Ducati GT1000 Front Brake Microswitch Replacement

 

Three long weeks ago, I did the usual check of the lights, turn signals, etc. on my 2007 Ducati GT1000 when I noticed a) my brake light was pretty bright and b) is seemed a little flaky as I squeezed the brake lever, as in ‘on-off-on’ instead of the expected, ‘on’ when I squeezed the lever and ‘off’ when I wasn’t. The bike being 14 years old and not having ridden it in a few weeks, I just figured it needed some persuasion. Squeezed it a dozen times, it started working as advertised, and then I went out for a ride.

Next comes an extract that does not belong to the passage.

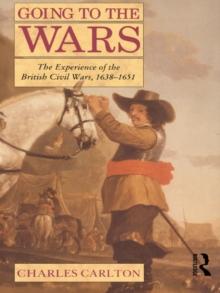 Going to the Wars : The Experience of the British Civil Wars 1638-1651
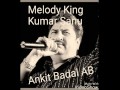 Dil Aisa Kisi Ne Mera Toda Kumar Sanu Kishore Ki Yaadein Ankit Badal AB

When I got home, I noticed it was bright again, which made realize I was a little stupid and unsafe for assuming it would just work itself out. From there, I went to the Ducati of Omaha site, my go-to for parts, pulled up the drawing and ordered… the wrong thing. At this point I also realized there wasn’t really anything on the internet that talked about this, so I figured I’d share my story and hopefully save you a little time and headache.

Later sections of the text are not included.